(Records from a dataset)
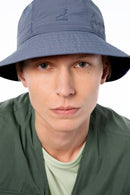 Kangol - Park life casual - Frock Toronto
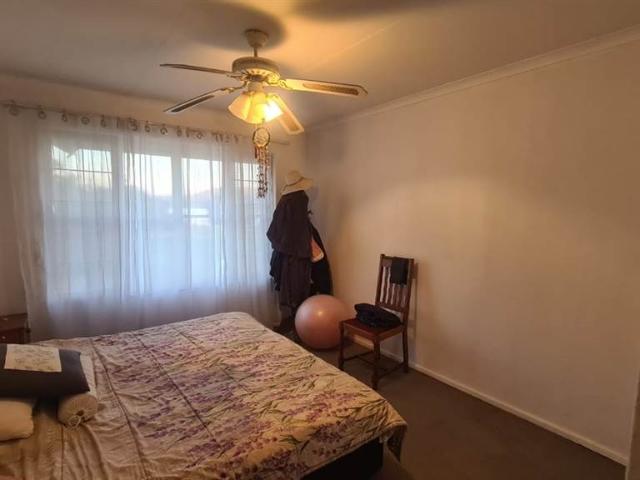 Apartment for sale in North West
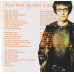 BACHELOR GIRL Waiting For The Day  (200)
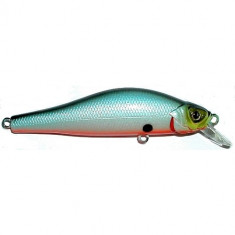 VOBLER 8CM/8,5G ARCHBACK . Fishing Hunting foto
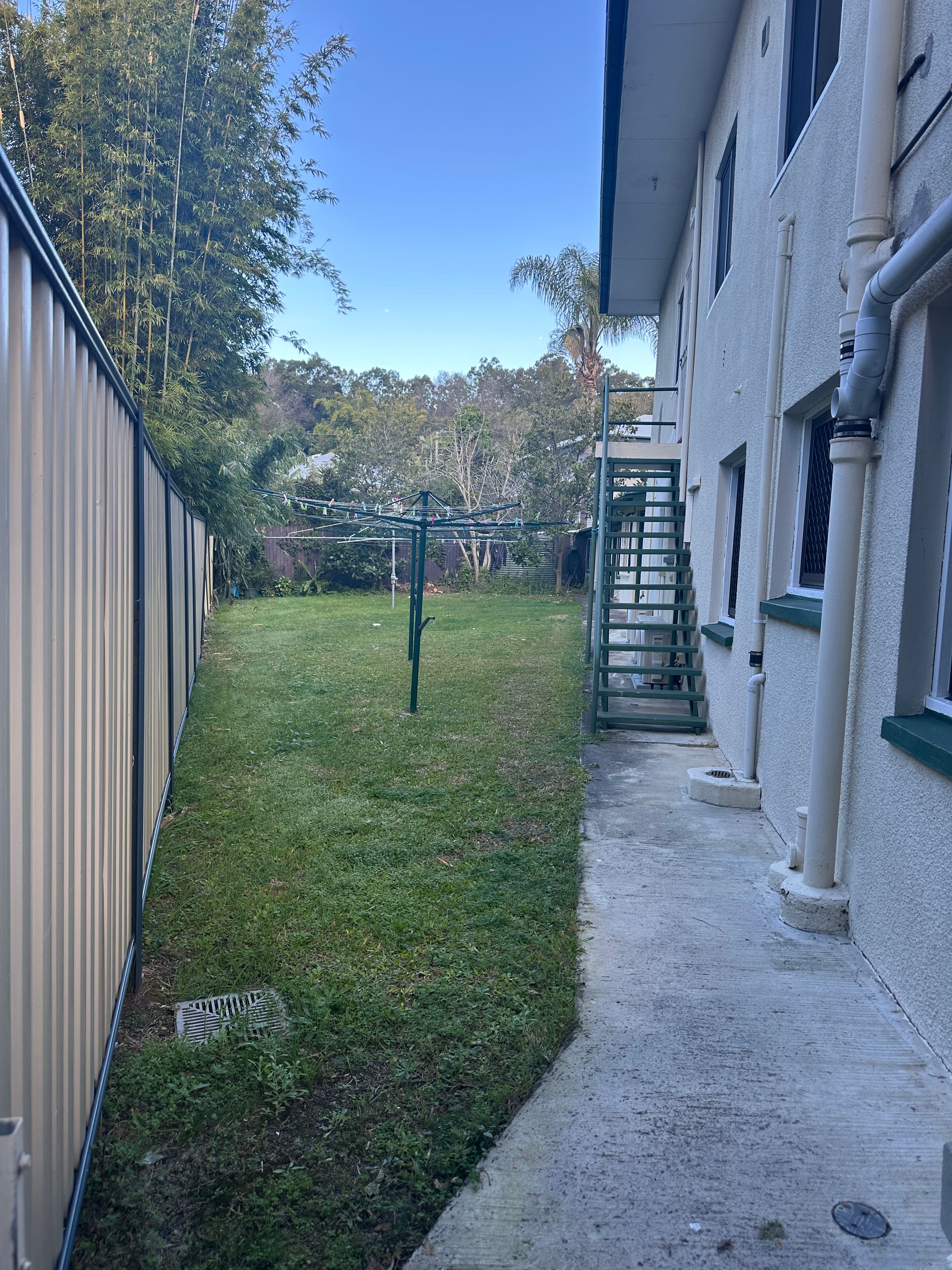 image-17
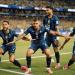 لقاء مجنون، أهداف مباراة البرازيل وأستراليا (فيديو)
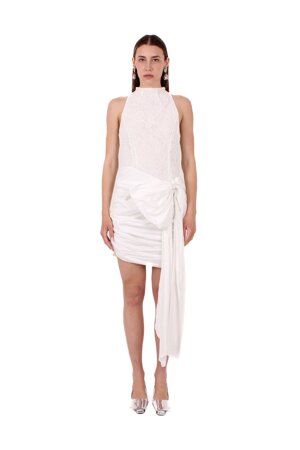 bow-dress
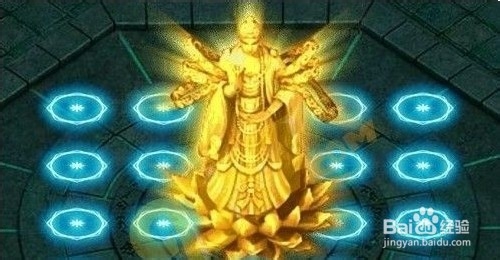 《逐日战神》荣誉勋章获取攻略
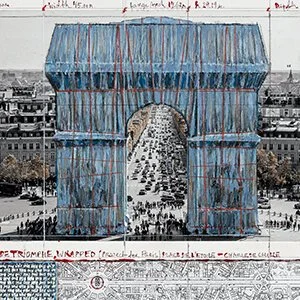 Christo+Arc+de+Trimphe.jpg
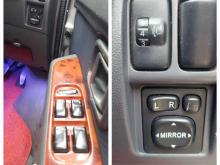 https://riyasewana.com/uploads/daihatsu-hijet-151434546594.jpg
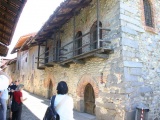 Tn IMG 3482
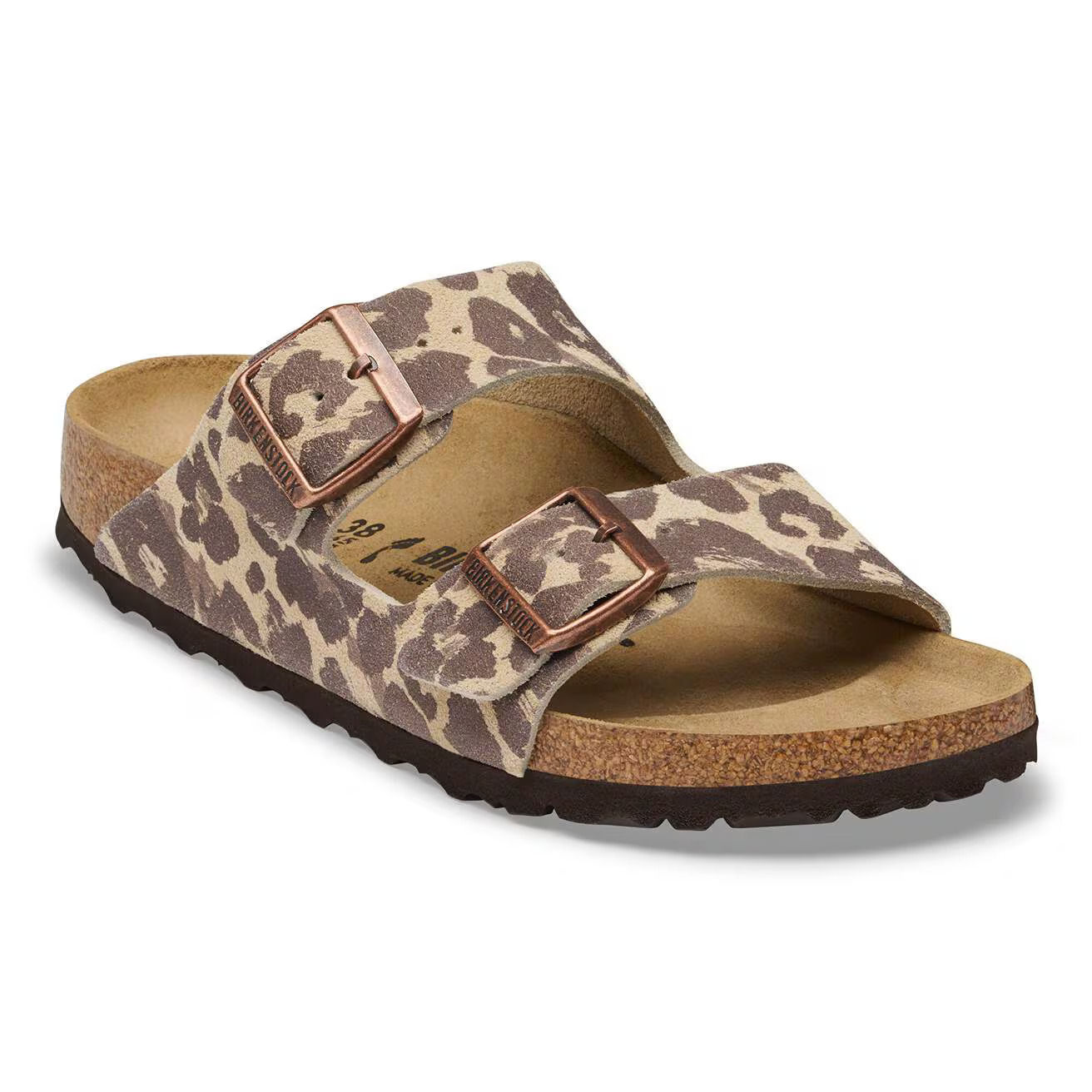 Birkenstock Mens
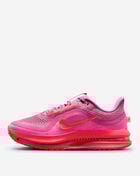 Nike Pegasus Premium HQ2593-602 Pink 1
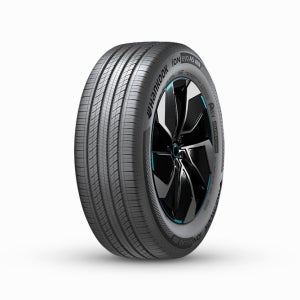 한국타이어 아이온 에보 AS IH01A 255/60R19 2556019 부산 양산 무료장착 아이오닉9 EV9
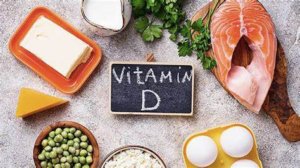 d-vit-300x168.png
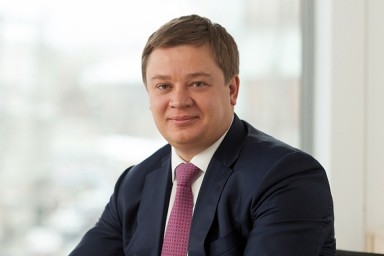 Андрей Шипелов: цель «мусорной» реформы – навсегда забыть о полигонах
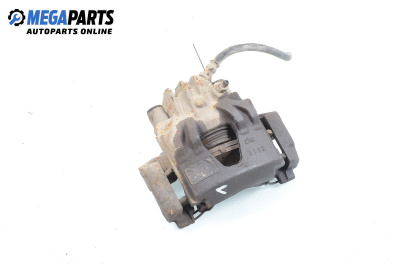 Спирачен апарат за Peugeot 306 Sedan (04.1993 - 10.2003), позиция: предна, лява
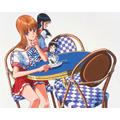 『HEN』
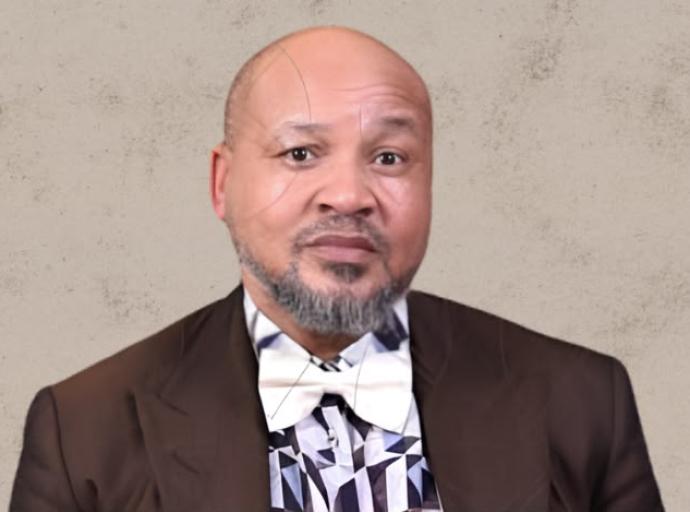 Moseme Denies Mayoral Rumours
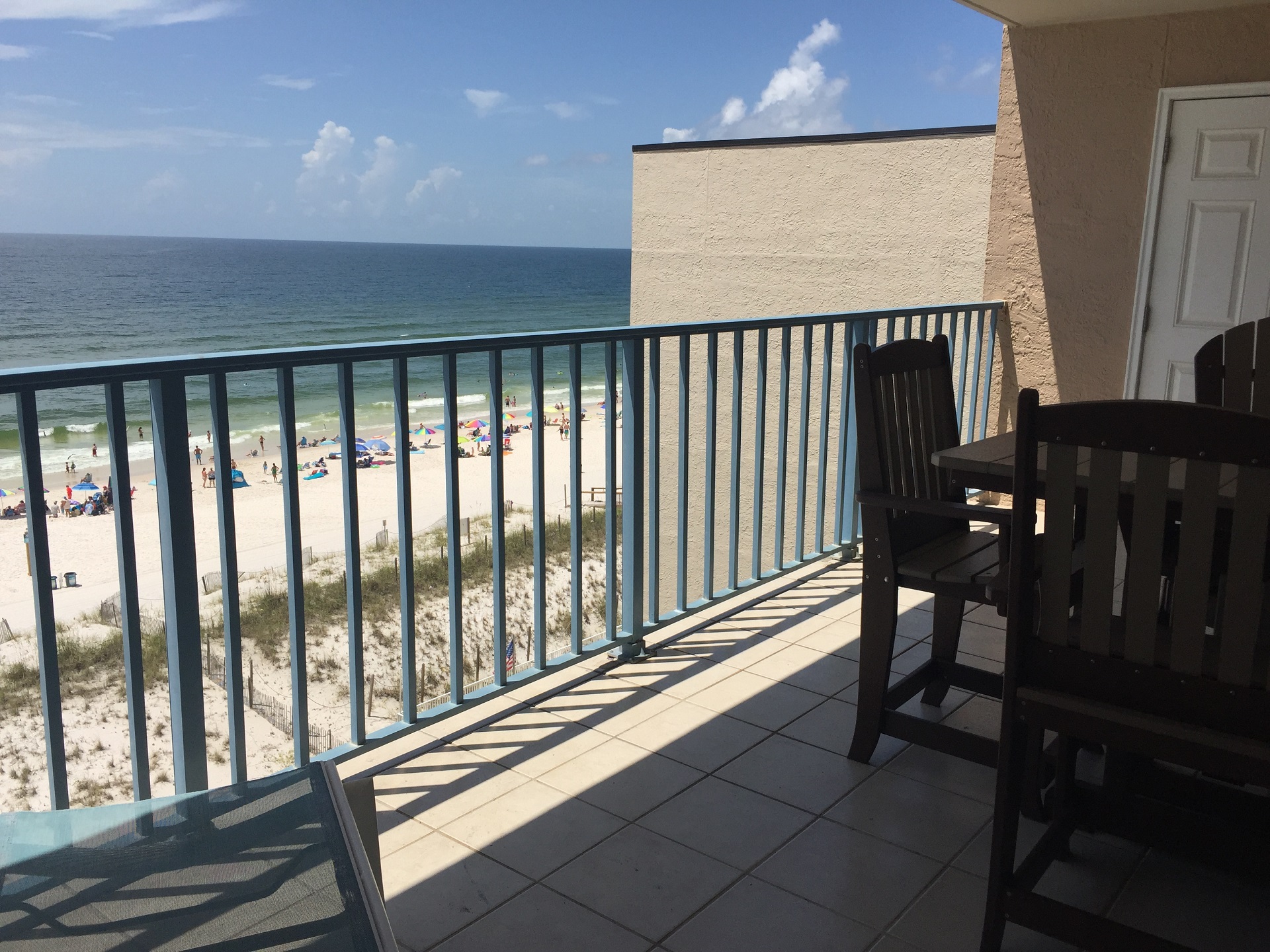 Surf Side Shores 1705 Condo rental in Surfside Shores - Gulf Shores in Gulf Shores Alabama - #20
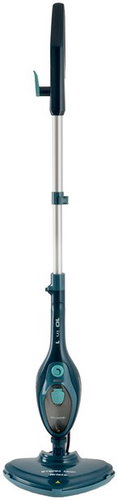 Ariete 4164/BL 10in1 - Dampfmop - Hauptbild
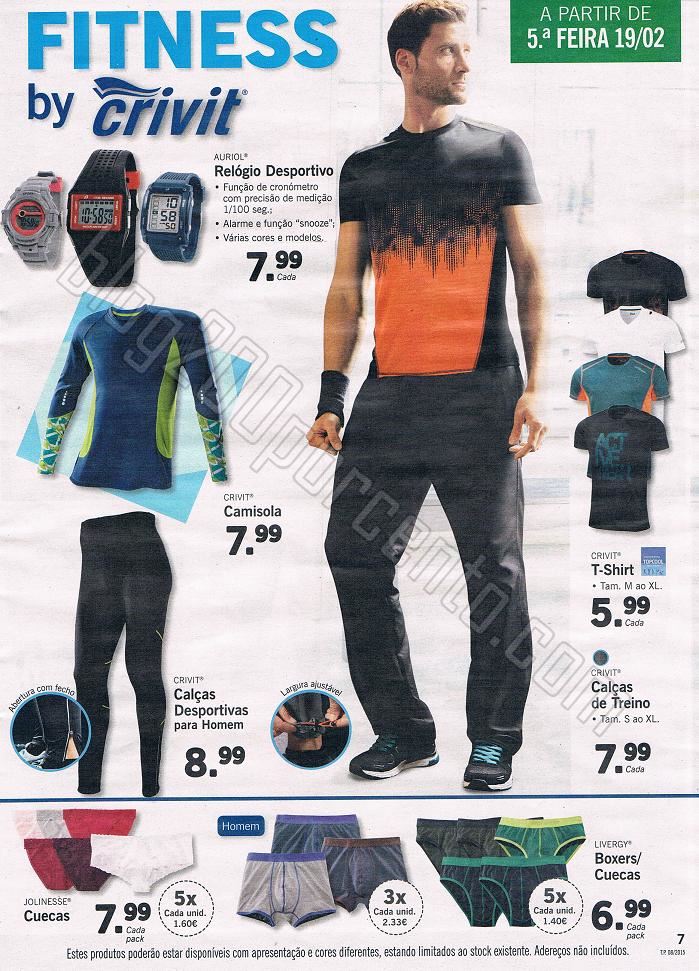 Lidl 19-02-2015 a 25-02-2015 7.jpg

[Exercise requirements]:
Exclude the pictures and write out exactly the lines from the one holding "Moseme Denies Mayoral Rumours" through the end of the entries, inclusive, and only those.

[Solution to this exercise]:
 Moseme Denies Mayoral Rumours
 Surf Side Shores 1705 Condo rental in Surfside Shores - Gulf Shores in Gulf Shores Alabama - #20
 Ariete 4164/BL 10in1 - Dampfmop - Hauptbild
 Lidl 19-02-2015 a 25-02-2015 7.jpg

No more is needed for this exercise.